**PROBLEM DESCRIPTION:** Exact reproduction of the data is required, with images excluded.

**INPUT RECORDS:**
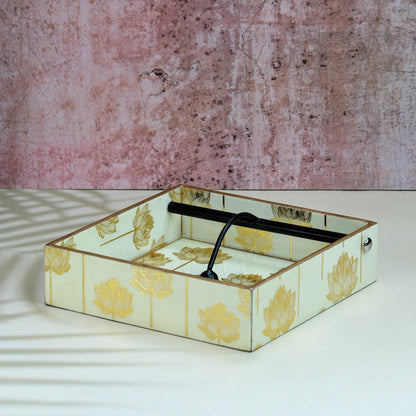 Gold Lotus MDF Tissue Holder | Verified Sustainable by Brown Living™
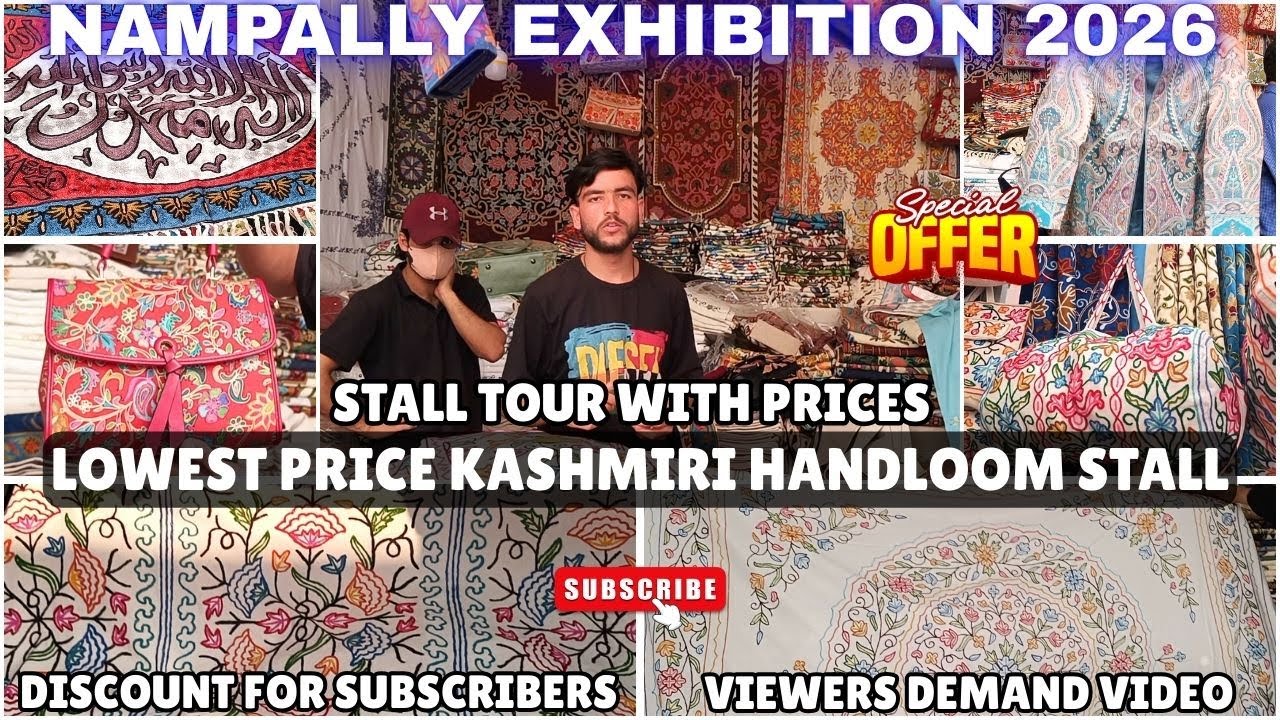 LOWEST PRICE Kashmiri Handloom 😱 | Hyderabad Exhibition 2026| Full Stall Tour with Prices#hyderabad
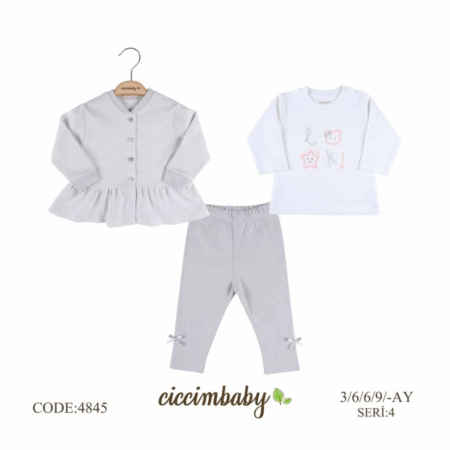 Çocuk Çizgili Fırfırlı 3lü Takım 4845 Gri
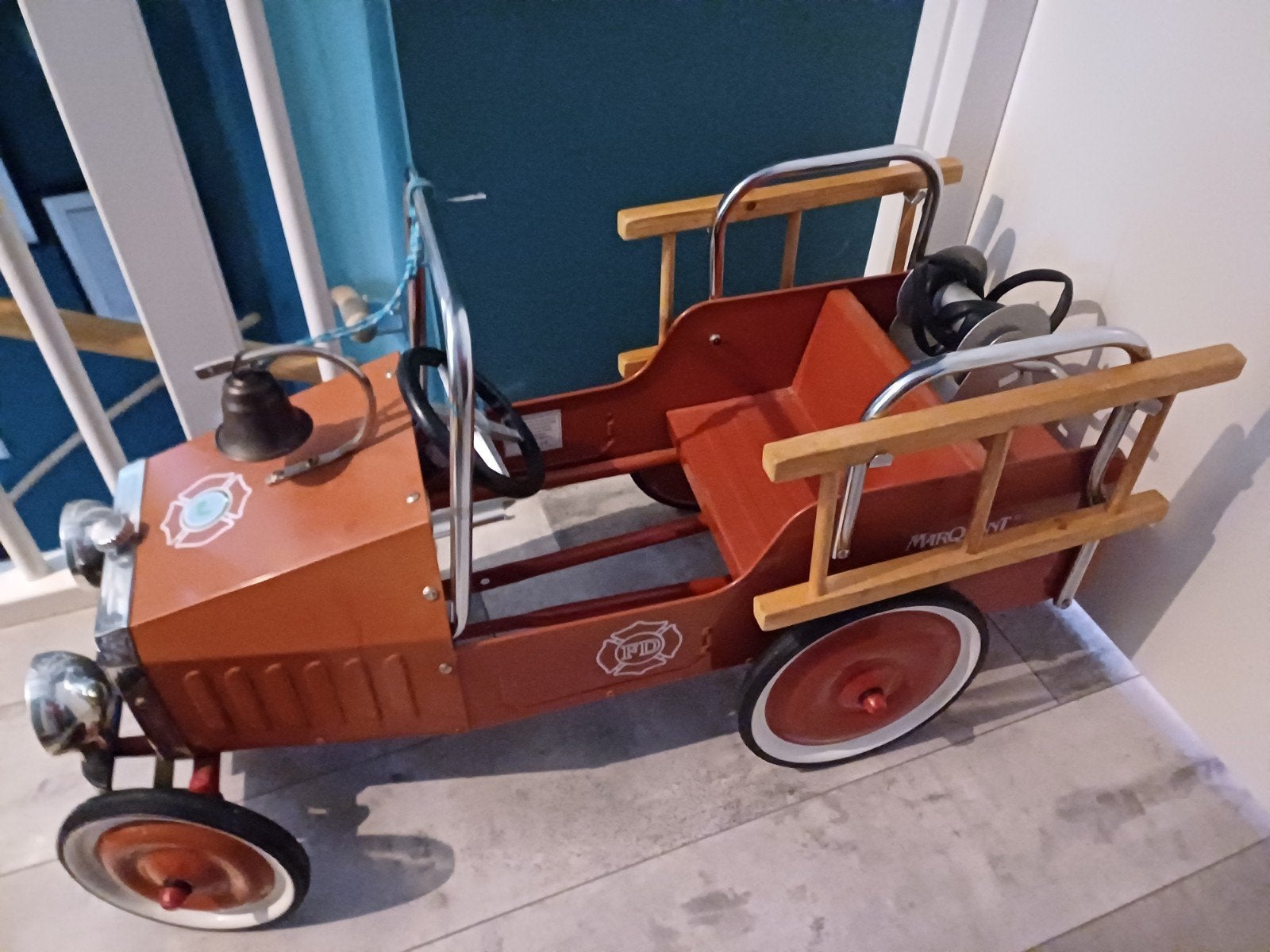 Vintage Brandweer Trapauto - Klassiek Speelgoed, Ophalen, Gebruikt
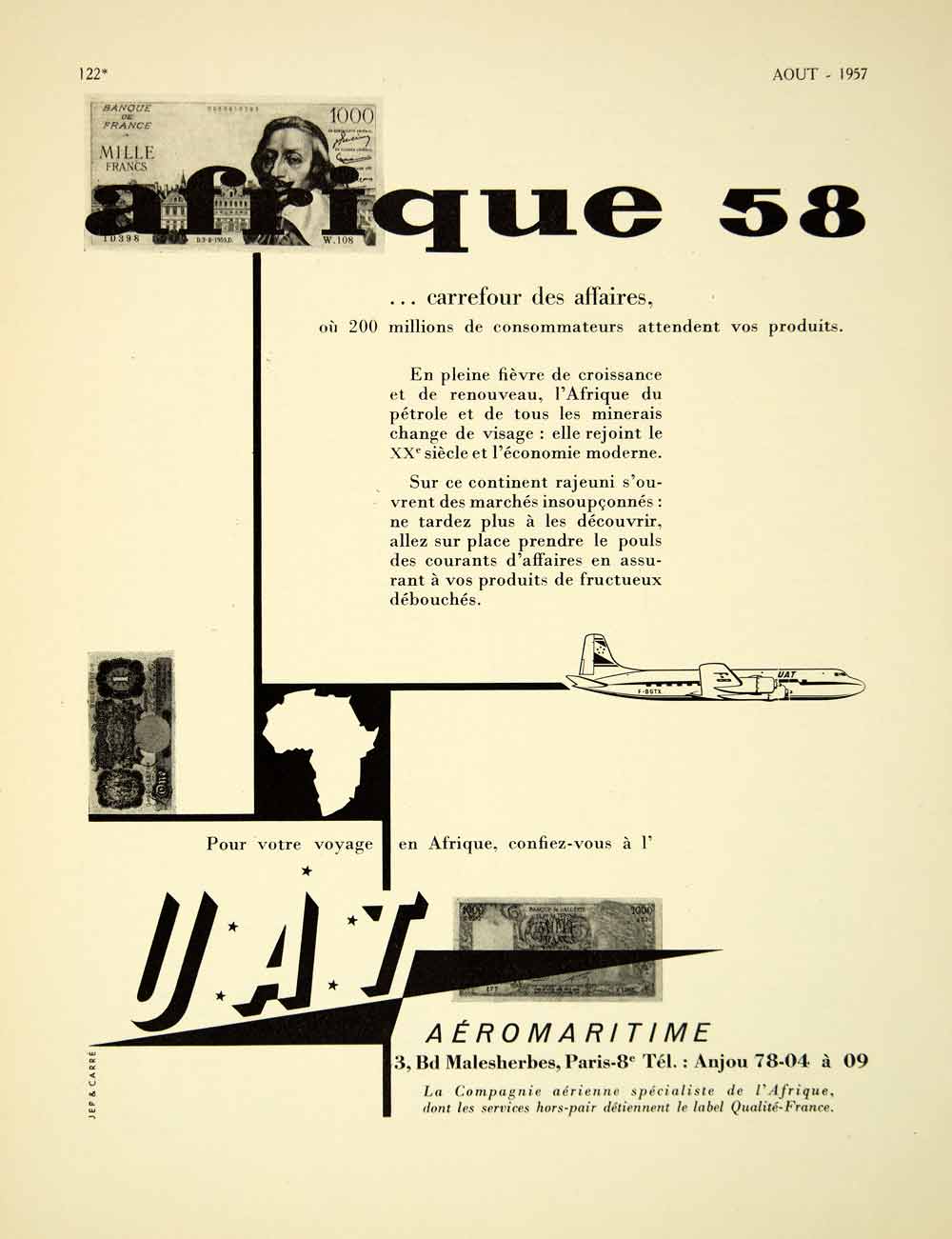 1957 Ad French Advertisement UAT Aeromaritime France Jep Carre Africa VENA6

**SOLUTION FOR THIS TASK:**
 Gold Lotus MDF Tissue Holder | Verified Sustainable by Brown Living™
 LOWEST PRICE Kashmiri Handloom 😱 | Hyderabad Exhibition 2026| Full Stall Tour with Prices#hyderabad
 Çocuk Çizgili Fırfırlı 3lü Takım 4845 Gri
 Vintage Brandweer Trapauto - Klassiek Speelgoed, Ophalen, Gebruikt
 1957 Ad French Advertisement UAT Aeromaritime France Jep Carre Africa VENA6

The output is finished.